VICE's Eddy Moretti takes on the future of News at the Made In NY Media Center's fourth "Future State of Entertainment" talk.

Eddy Morettie (left) and Marc Schiller (right) discussing "The State of Future Entertainment." Photo by Brady Dale.

VICE’s new news site launched this weekend with responsive features and big bold images, as was previewed by Eddy Moretti, VICE Media‘s Creative Director.

Web strategy from the Brooklyn-based media outlet were shared at this past Wednesday’s Future State of Entertainment talk at the IFP Made in NY Media Center. Visit Vice’s YouTube page.

Marc Shiller, CEO of BOND Strategy and Influence, hosted the Q&A, as he has the previous three events in the series. The two discussed the future of news while sharing a bottle of wine and fielding questions from the audience of several dozen people.

  • “Cool culture, by definition, is small,” Moretti said. While cool is all about knowing about something little known, Moretti described a world in which the desire to find the next cool thing connects young people globally.
  • He said that the idea of digital delivery was written into the DNA of the company from the start. While it began as a Canadian newspaper, the idea was always to go multichannel. Now that it’s here, he said, “We are looking to up our game in terms of digital delivery.”
  • If anyone is VICE‘s competition, it’s MTV, but Moretti described their model as pushing American cool on everyone else while his company’s is to find the cool in every part of the globe and highlight them.
  • Piracy, he said, is not an issue at this point, as they have primarily been giving content away, selling ads and striking deals with brands.

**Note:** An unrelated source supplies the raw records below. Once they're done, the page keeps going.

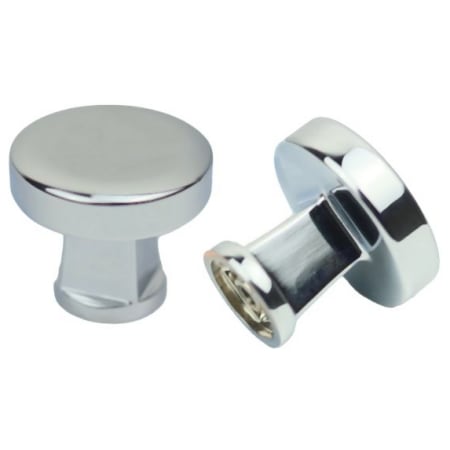A large image of the Crown Cabinet Hardware CHK92925 Polished Chrome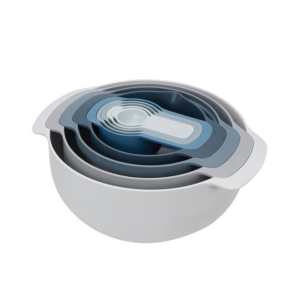 Joseph Joseph Editions Nest Plus Bowl Set 9pc Sky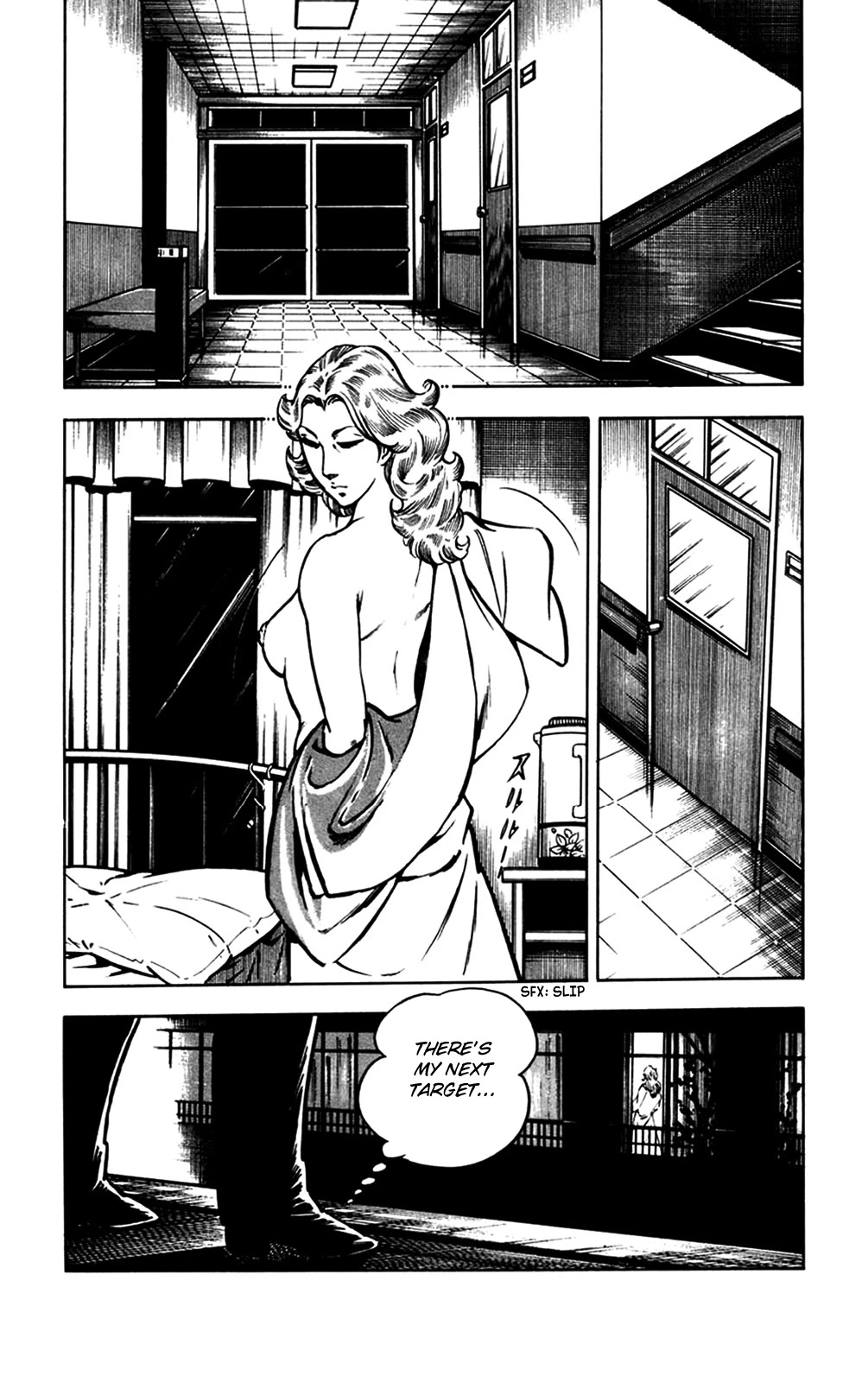 Wani Bunsho Chapter 20 page 136 - Chapter 20: Dracula's Challenge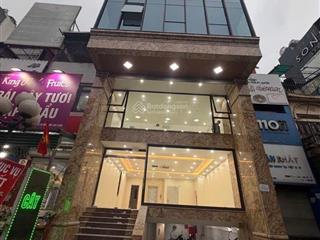 Chỉ cần khách thích là chốt tòa vp 86m2 7t thmáy 80tr/th mt6m phố hoàng trọng mậu 33 tỷ nam từ liêm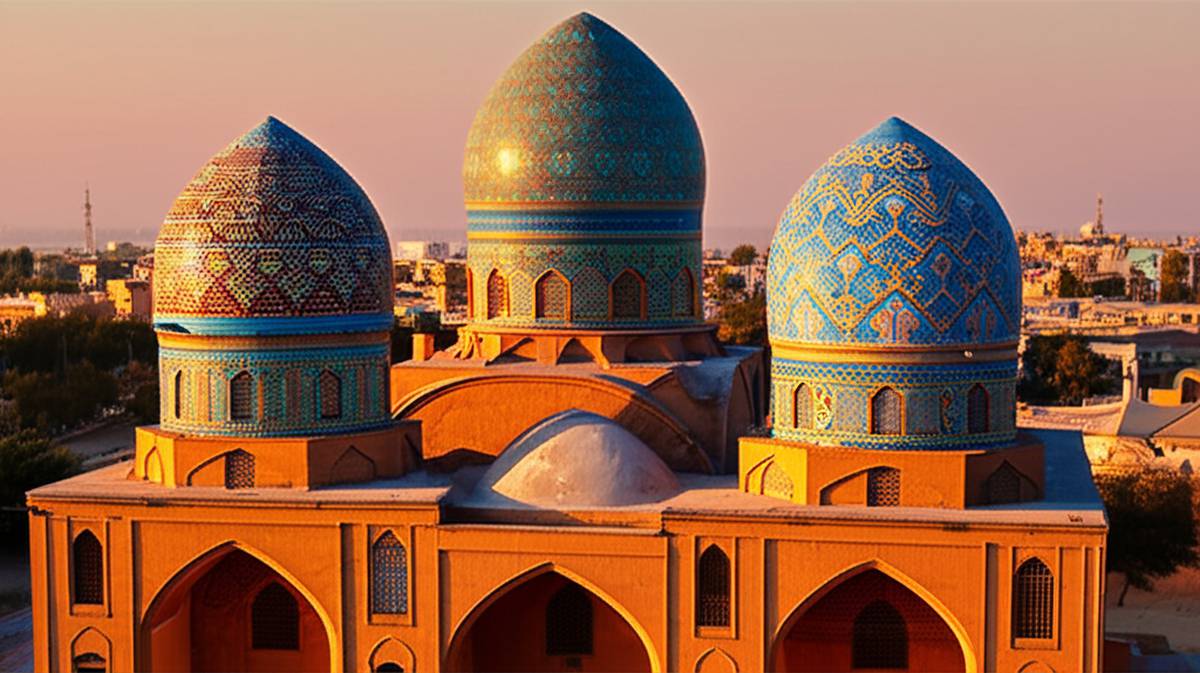 آرامگاه مشتاقیه کرمان: راهنمای جامع آشنایی و بازدید
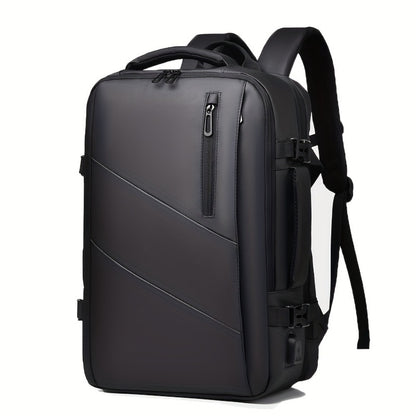Backpack for Women – Nylon, Convertible, Multi-Pocket, for Travel & Work | Bag Vero – detail view 31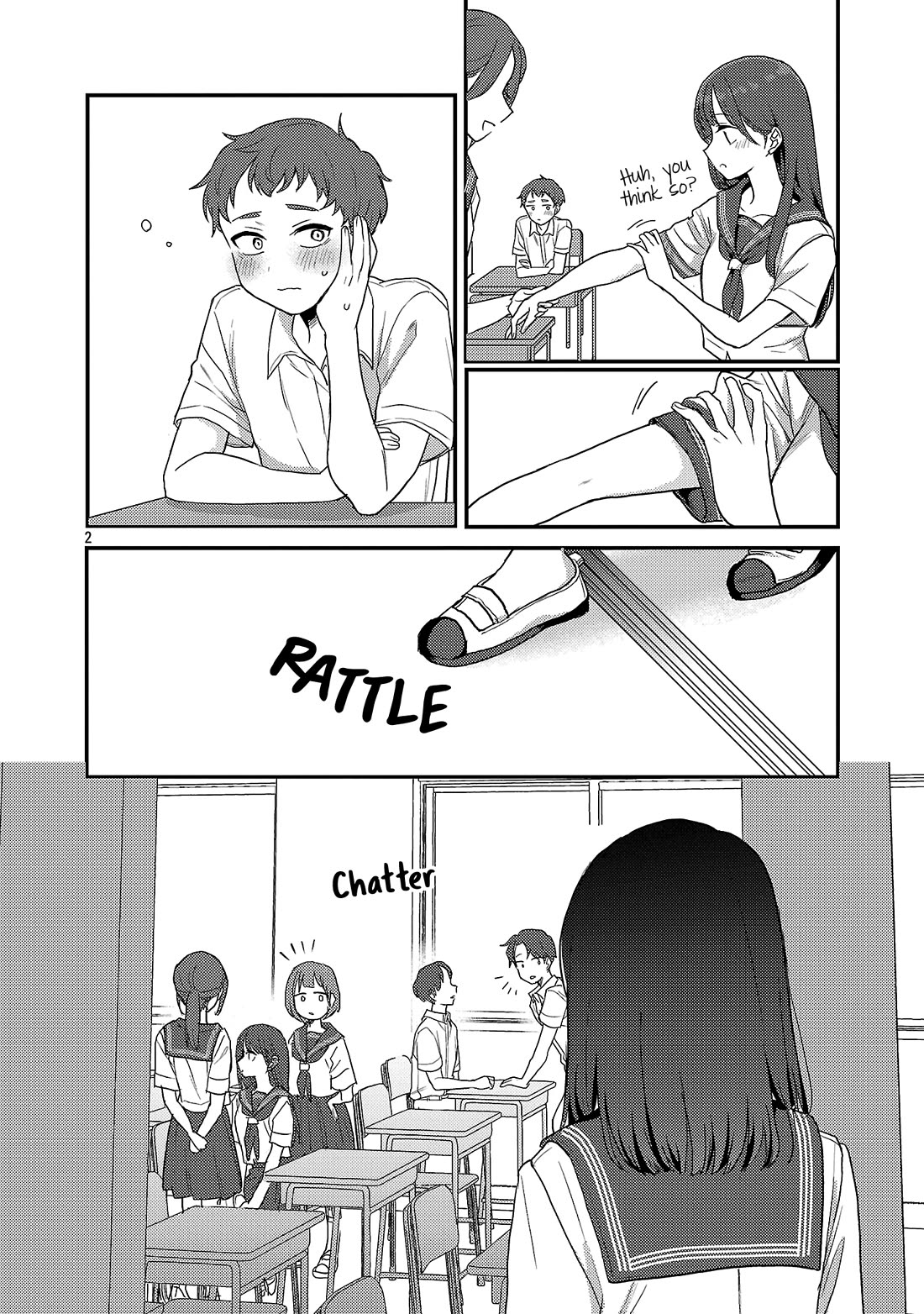 "Welcome Home, Papa" Chapter 29 page 3 - Chapter 29: Admiration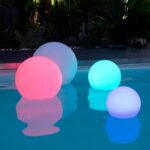 Sfera luminosa fluttuante - LUMISKY - BOBBY C40 - LED multicolore dimmerabile - Telecomando - Ricarica a induzione - Ø40 cm - immagine 6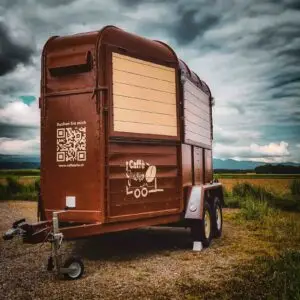 Caffè Julia Trailer - Genuss on Wheels, stilvolles Kaffee-Catering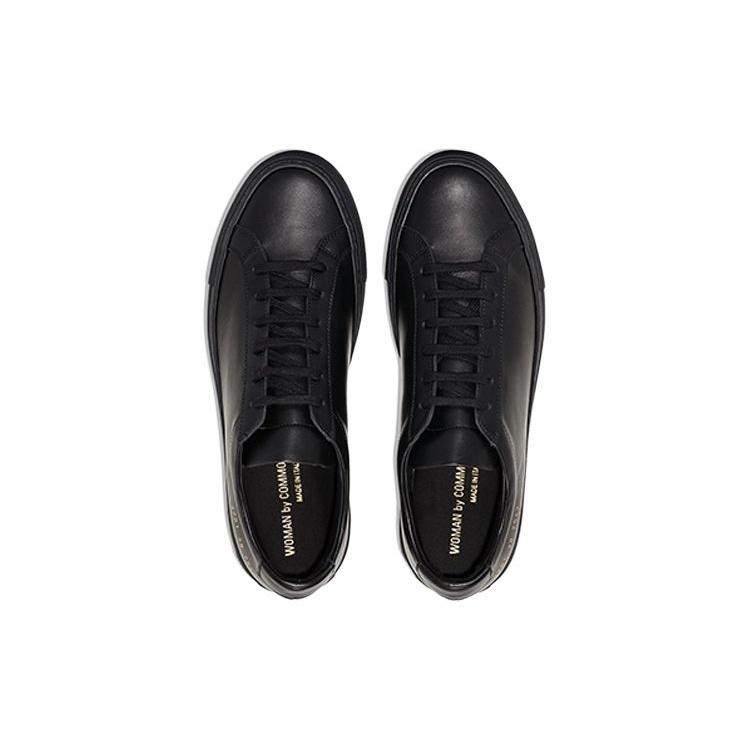 (WMNS) Common Projects Achilles Low 'All Black' Women's 3701-7547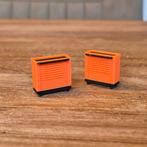 Gereedschapswagen (Set van 2) – 1-50, Hobby en Vrije tijd, Modelauto's | 1:50, Ophalen of Verzenden, Nieuw, Bus of Vrachtwagen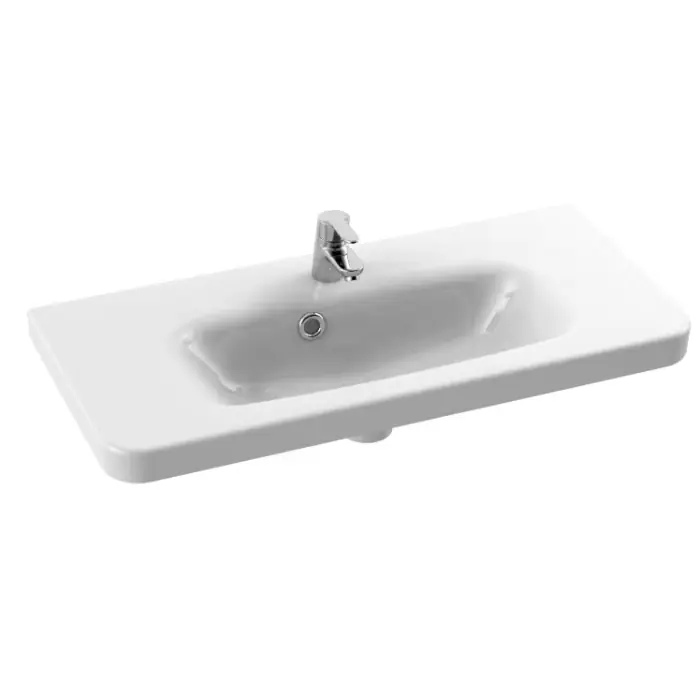 Umywalka cerastyle noura, meblowa/wisząca 80cm, 033300-u 033300-U - Premium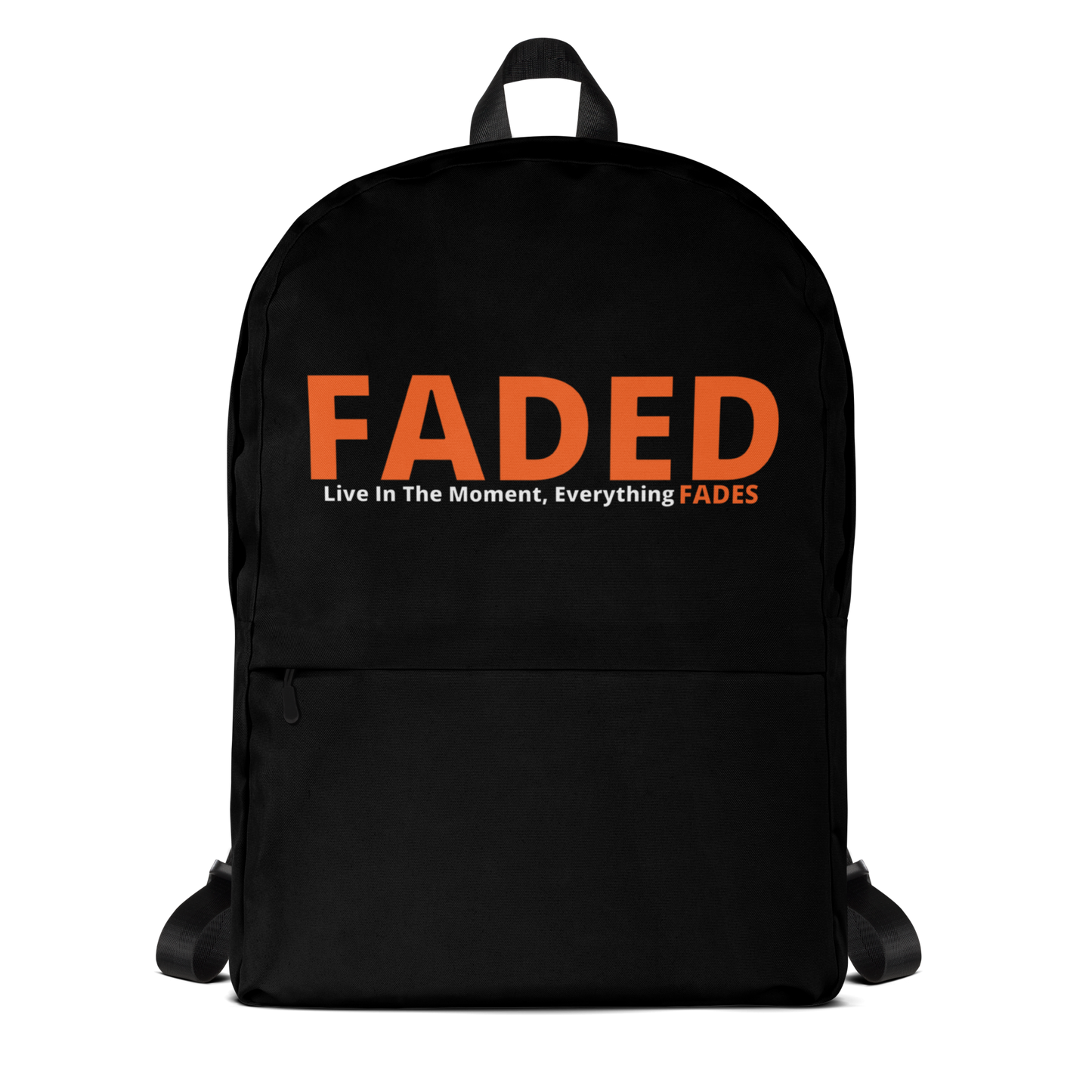 Faded (Orange Logo) Backpack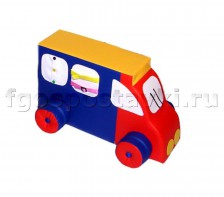 Дидактический грузовик (напольный) - fgospostavki.ru - Ярославль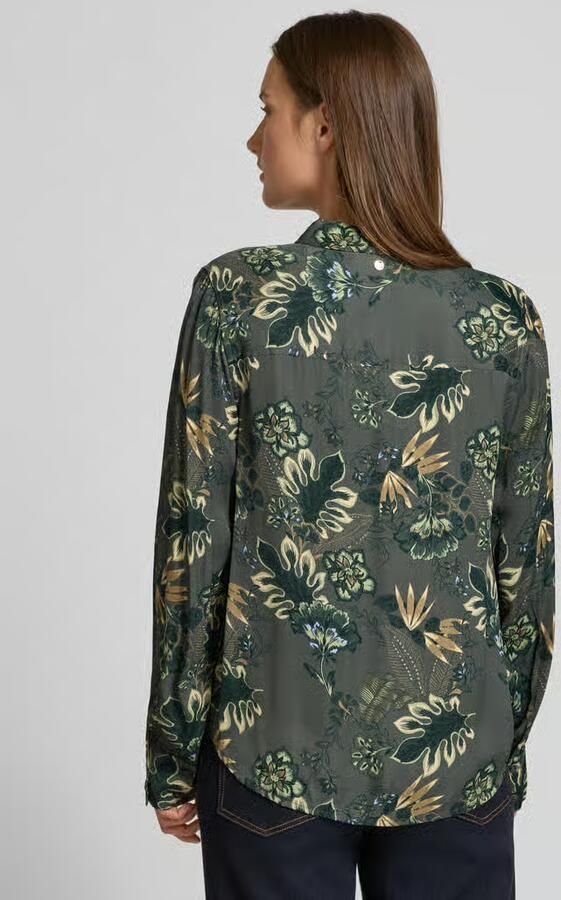 MOS MOSH Regular fit blouse met platte kraag model 'Abina' - Foto 2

He did say that they will be moving toward finding more ways for people to pay for content.
  • The company’s editors at desks around the world are on the phone with each other a lot, figuring out what stories from other sites are trending and should be republished and, sometimes, translated on other VICE channels around the world.
  • Moretti was frank that he didn’t think VICE was as good with its data as some other media brands that really fixate on it, describing the company’s content strategy as “weird people exploring their passions,” but he said the company is working on it. For example, editors worldwide all have a dashboard of how all VICE content is performing, in order to make decisions about what to republish where.

In the Q&A that followed, one person asked about the standards as journalism moved online. Moretti said that fact checking was important to the site but that it also viewed the idea of journalistic objectivity as a false ideal.

VICE employs 325 people in the United States and 1,500 globally.